### Task prompt:
The answer must be an exact copy of the lines from the one containing "Teva Original Universal" through the end of the records, with the pictures left out.

Scraped caption text data:
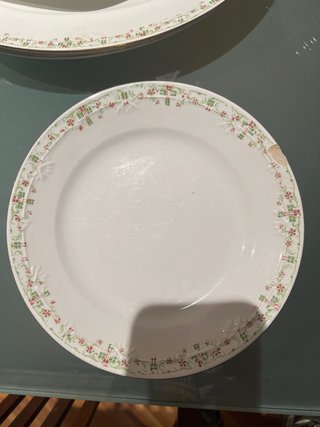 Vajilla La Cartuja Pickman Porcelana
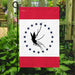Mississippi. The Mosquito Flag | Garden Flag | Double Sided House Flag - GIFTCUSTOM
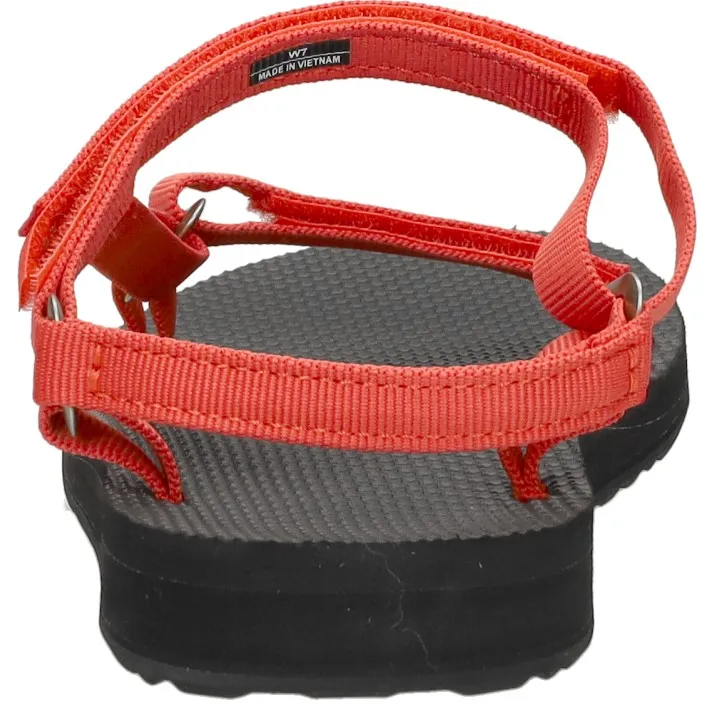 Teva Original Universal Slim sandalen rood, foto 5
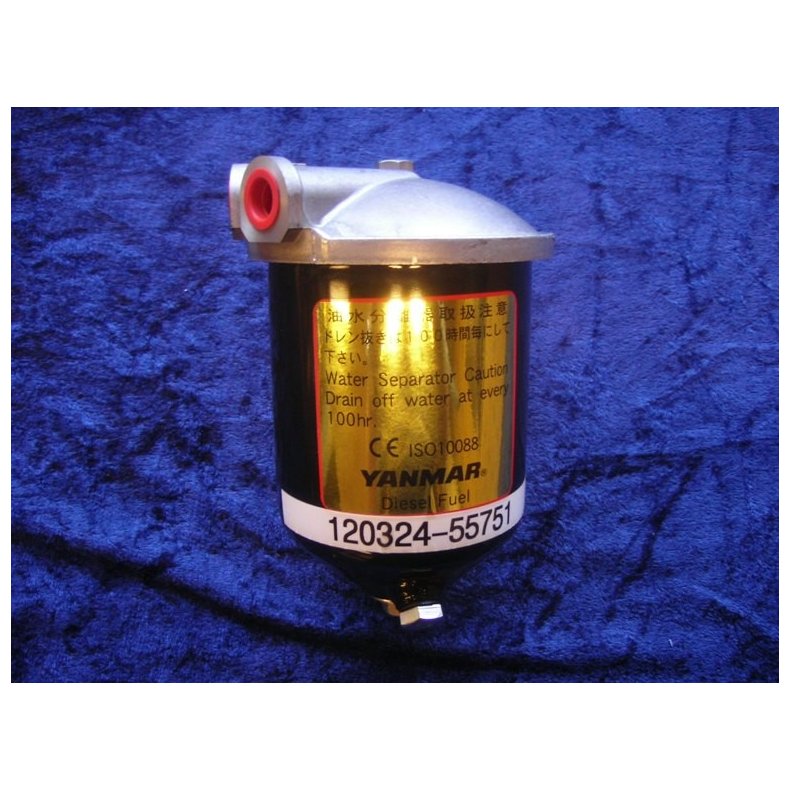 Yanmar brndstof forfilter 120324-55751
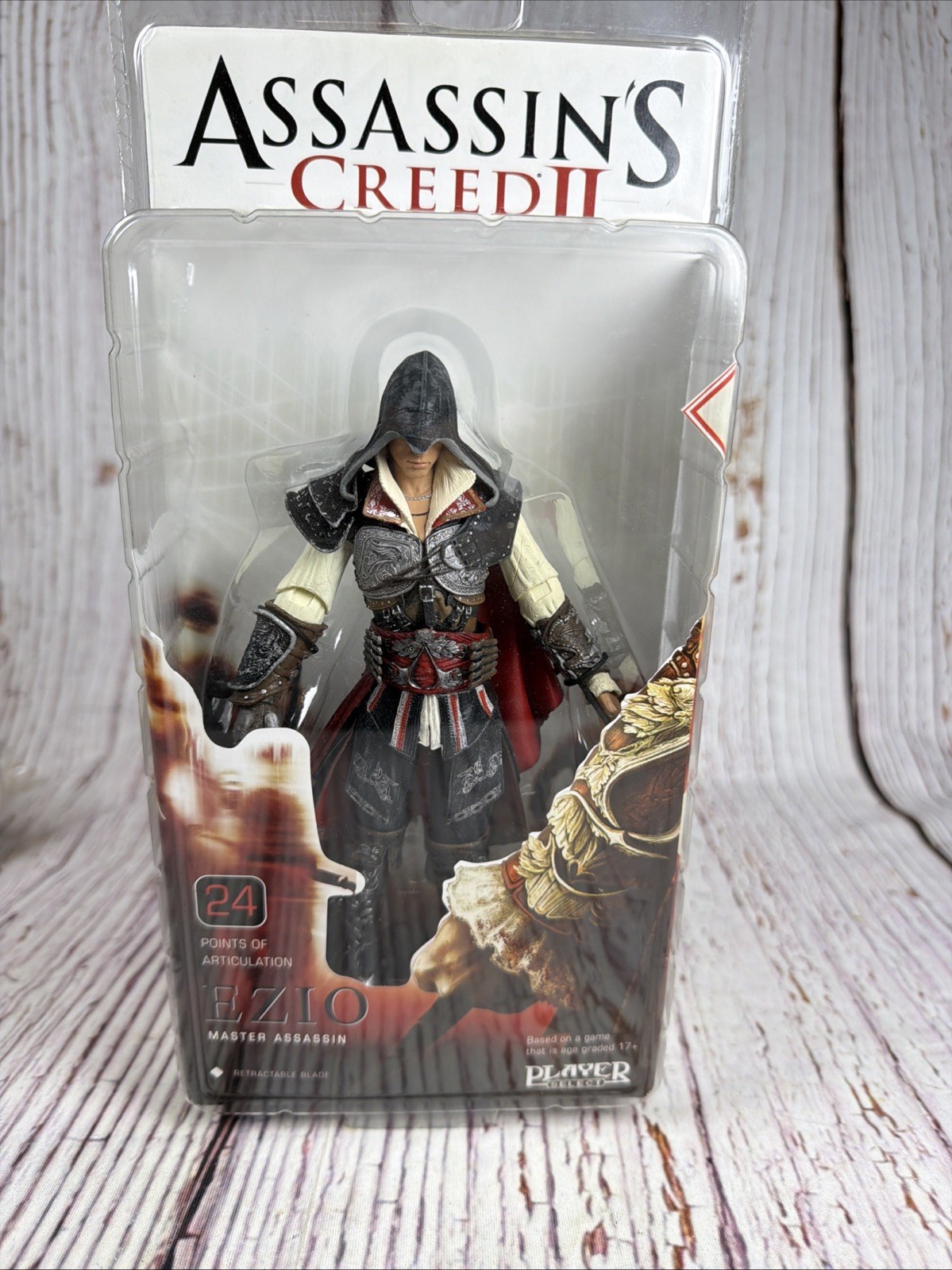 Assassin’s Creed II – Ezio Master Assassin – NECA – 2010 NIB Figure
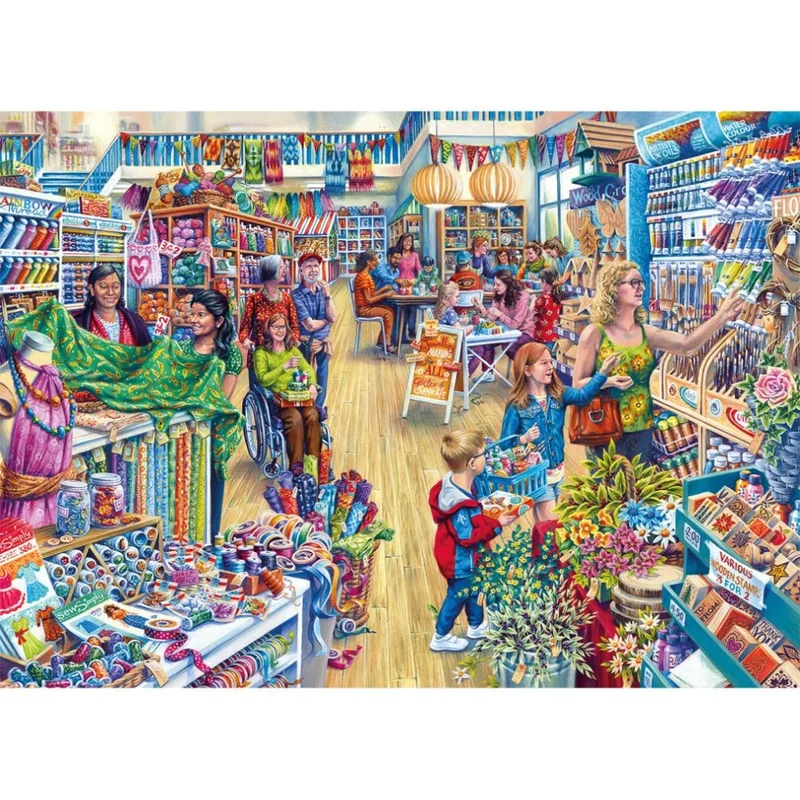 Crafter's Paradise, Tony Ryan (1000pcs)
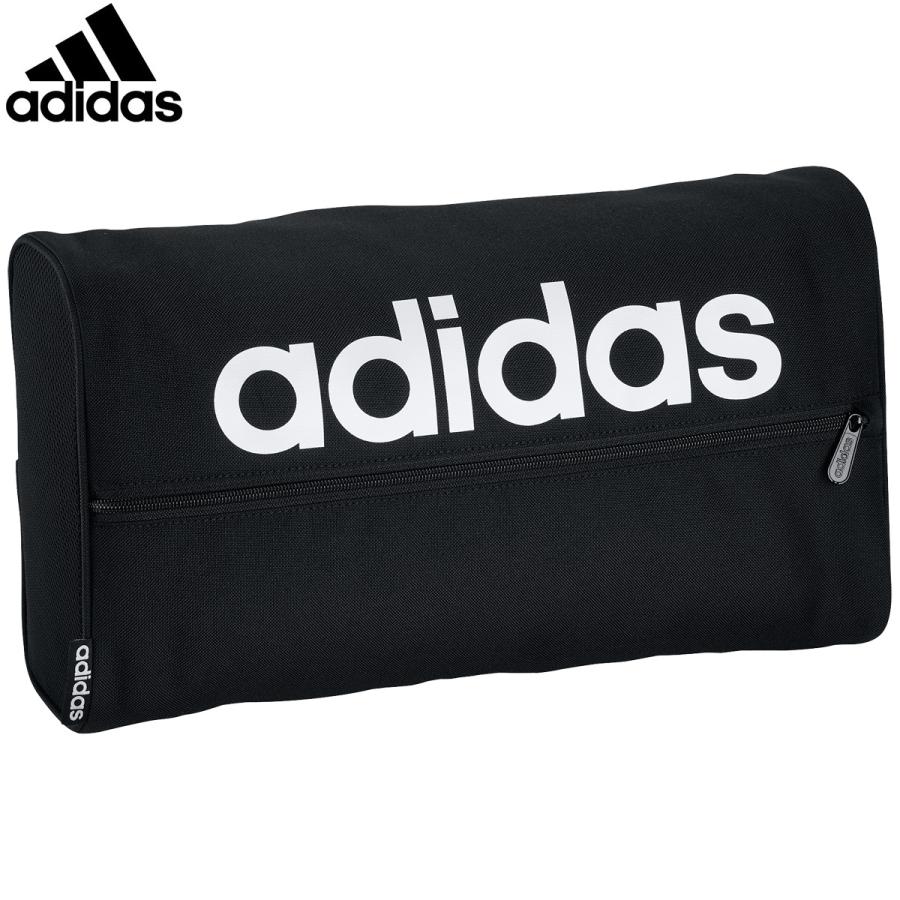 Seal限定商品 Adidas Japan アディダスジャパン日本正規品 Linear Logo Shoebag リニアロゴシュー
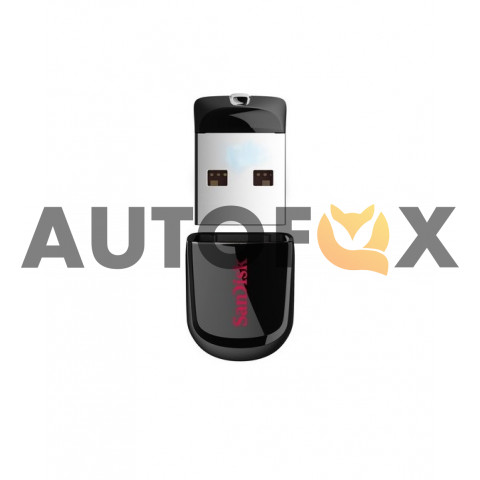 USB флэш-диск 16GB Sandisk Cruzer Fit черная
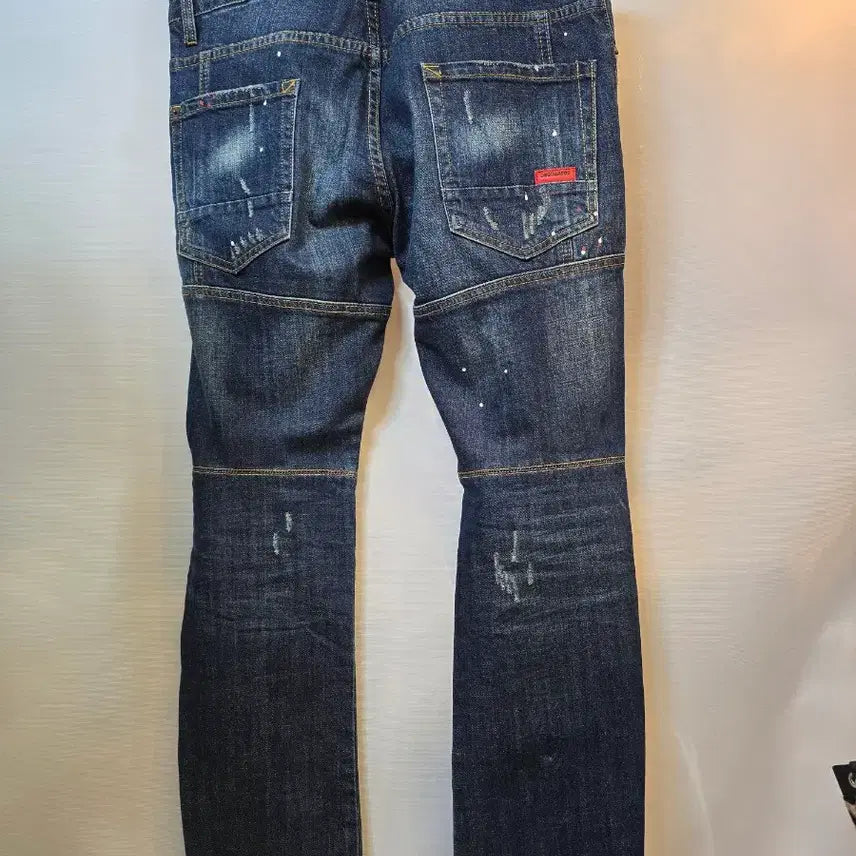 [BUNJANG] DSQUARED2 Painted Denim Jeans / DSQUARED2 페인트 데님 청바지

### Answer for this exercise:
 Teva Original Universal Slim sandalen rood, foto 5
 Yanmar brndstof forfilter 120324-55751
 Assassin’s Creed II – Ezio Master Assassin – NECA – 2010 NIB Figure
 Crafter's Paradise, Tony Ryan (1000pcs)
 Seal限定商品 Adidas Japan アディダスジャパン日本正規品 Linear Logo Shoebag リニアロゴシュー
 USB флэш-диск 16GB Sandisk Cruzer Fit черная
 [BUNJANG] DSQUARED2 Painted Denim Jeans / DSQUARED2 페인트 데님 청바지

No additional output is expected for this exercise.